Piero Zuccheretti, invece, era un bambino di tredici anni e il suo corpo venne letteralmente dilaniato dall’esplosione, tanto che fu possibile recuperarne solo una parte. Circola una immagine fotografica, per lungo tempo ritenuta autentica, che ne ritrae i resti. Una recente sentenza ha stabilito, in base al contesto, che non sarebbe riconducibile all’aspetto di via Rasella ai tempi dell’azione degli eroici gappisti, che si tratta di un falso… ma controperizie dimostrerebbero il contrario.
http://it.wikipedia.org/wiki/File:Zuccheretti.jpg
Ho voluto ricordarli, visto che quasi nessuno lo fa.
A proposito dell’attentato
I gappisti di via Rasella si resero protagonisti di un atto di guerra, in una delle forme proprie dei movimenti di liberazione: l’attentato, il sabotaggio, la guerriglia. Da un punto di vista militare, un’azione di nessun valore né tattico né strategico. Un semplice atto dimostrativo, simbolico, teso ad affermare una resistenza popolare a fianco degli eserciti alleati. Un atto che, come sapevano benissimo, avrebbe dato luogo a una reazione, per evitare la quale essi, in quanto combattenti e non martiri, non si consegnarono, pronti anzi a sfruttare, in funzione anti tedesca, l’indignazione popolare. Si assunsero, insomma, la responsabilità morale e politica di un gesto che essi consideravano un atto di guerra.
E all’atto di guerra i Tedeschi risposero con un atto di guerra, in una forma propria degli eserciti regolari, e cioè il “Diritto di rappresaglia”. Un diritto largamente esercitato, per altro, sia dalle stesse formazioni partigiane sia dagli eserciti alleati che, inoltre, si resero responsabili di veri e propri atti di terrorismo, come il bombardamento di Dresda.
La rappresaglia tedesca fu un banalissimo atto di guerra, ma la differenza sta nel fatto che i Tedeschi erano dalla parte del torto e gli altri dalla parte della ragione.

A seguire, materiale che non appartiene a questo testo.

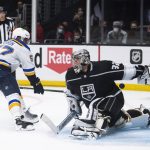 
              St. Louis Blues left wing David Perron (57) scores past Los Angeles Kings goaltender Jonathan Quick (32) during the shootout in an NHL hockey game Wednesday, Nov. 3, 2021, in Los Angeles. (AP Photo/Kyusung Gong)
            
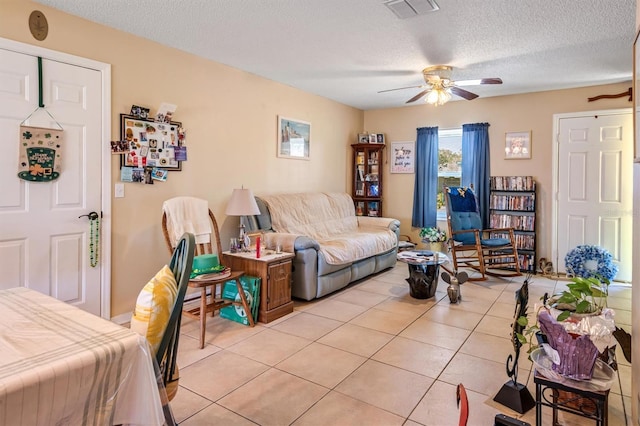 living room with light tile patterned floors, a textured ceiling, visible vents, and a ceiling fan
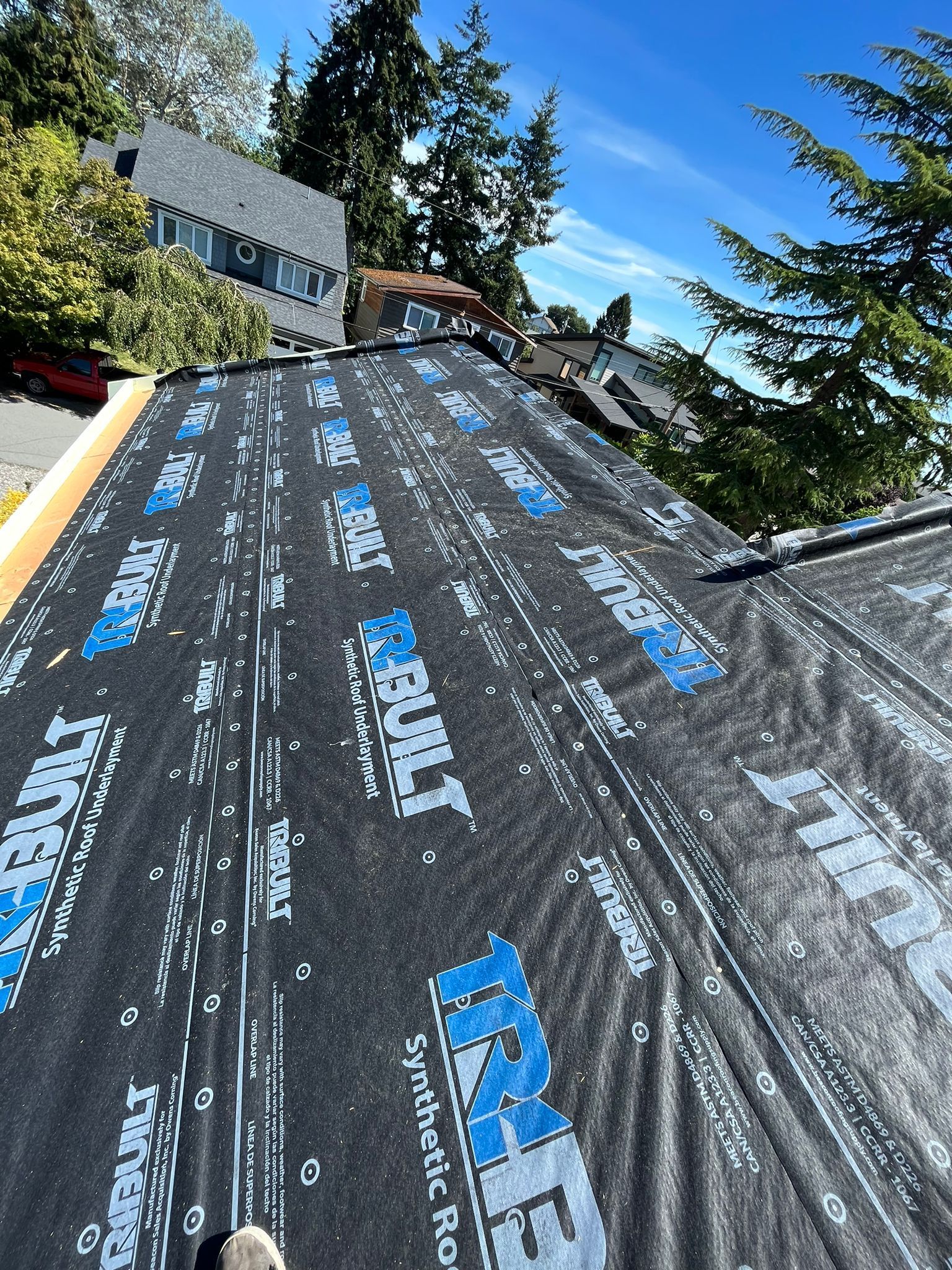 A roof with a vent on it and a building in the background.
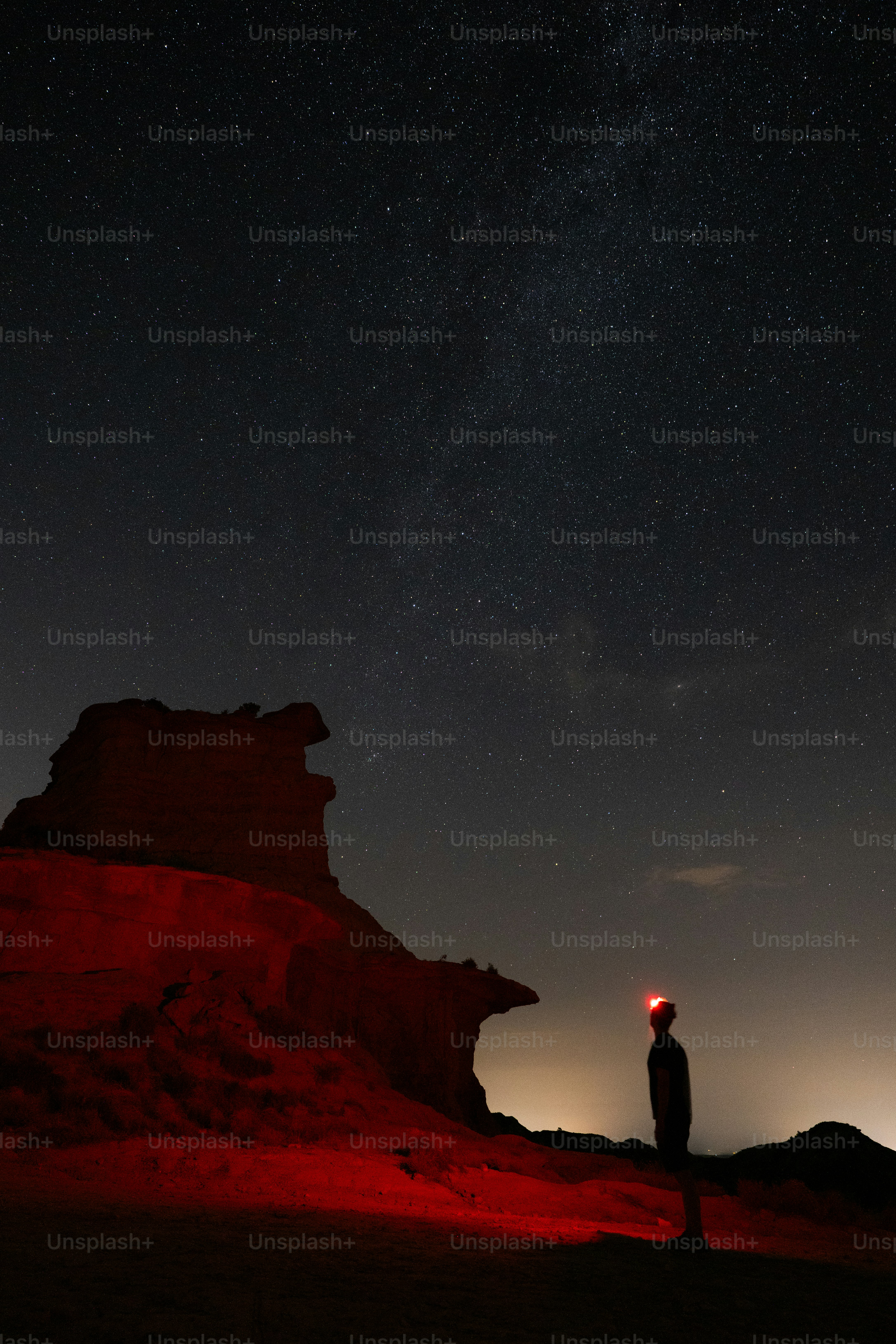 A person with a red headlamp on a rocky outcrop under a starry sky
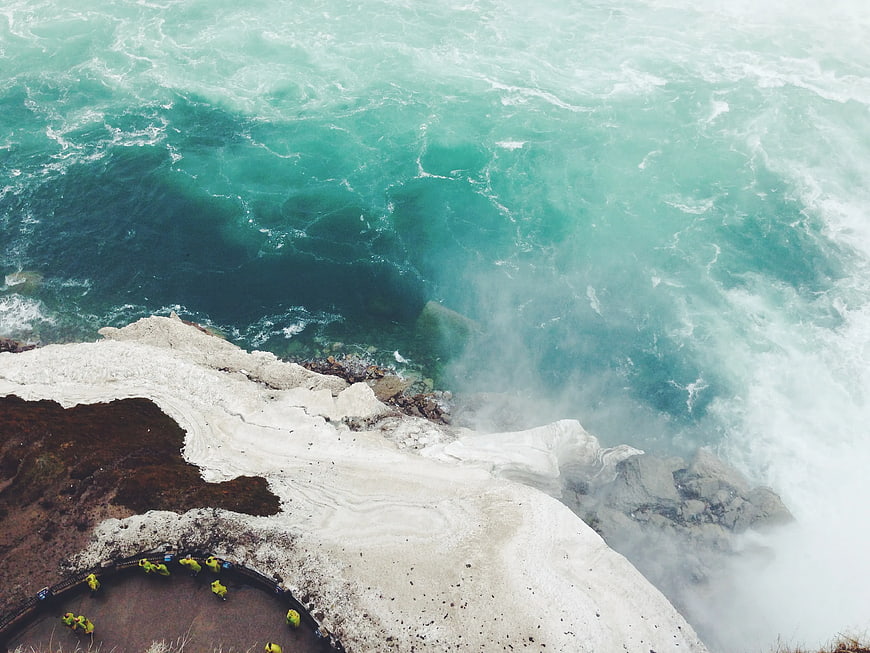 Aerial View of Turquoise Waterfall and Cliff Edge
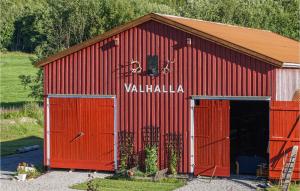 a red barn with the word valhalla written on it at 3 Bedroom Lovely Home In Nord-Statland in Nord-Statland +20 photos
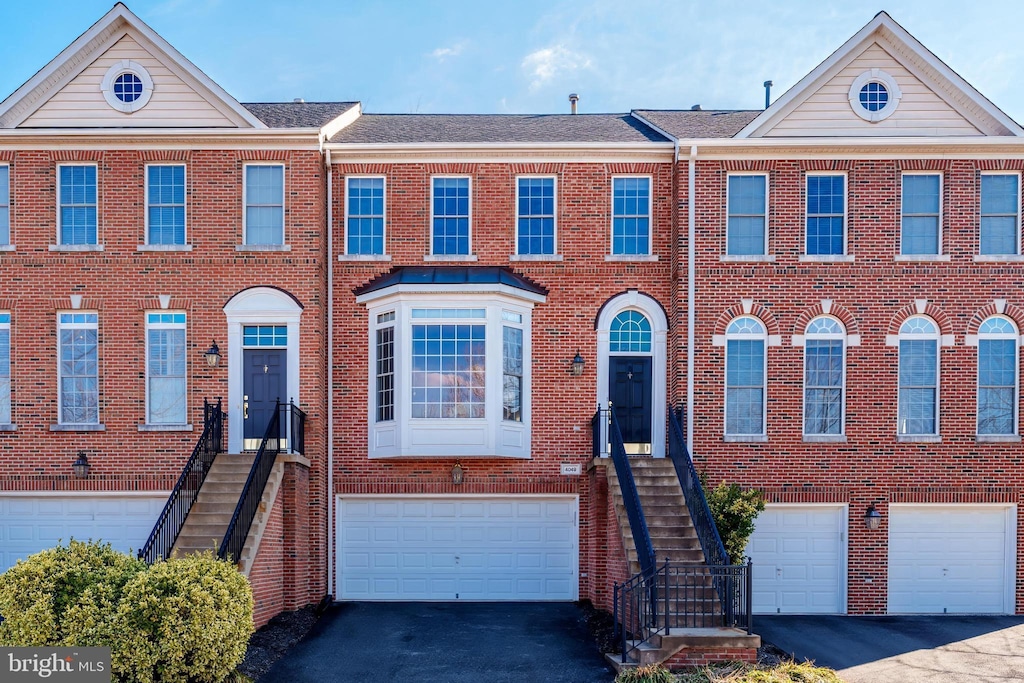 multi unit property featuring a garage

Poi i vincitori venerano i loro eroi e i loro martiri e, a torto, danno ai vinti il nome di “Male Assoluto”, mentre il male assoluto è Satana.
Uno degli attentatori (medaglia d’argento al Valor Militare): il “compagno” Rosario Bentivegna, in una foto del 1941 che lo ritrae in sahariana nera e stivaloni… all’epoca, se il caso l’avesse voluto, sarebbe potuto diventare un martire fascista.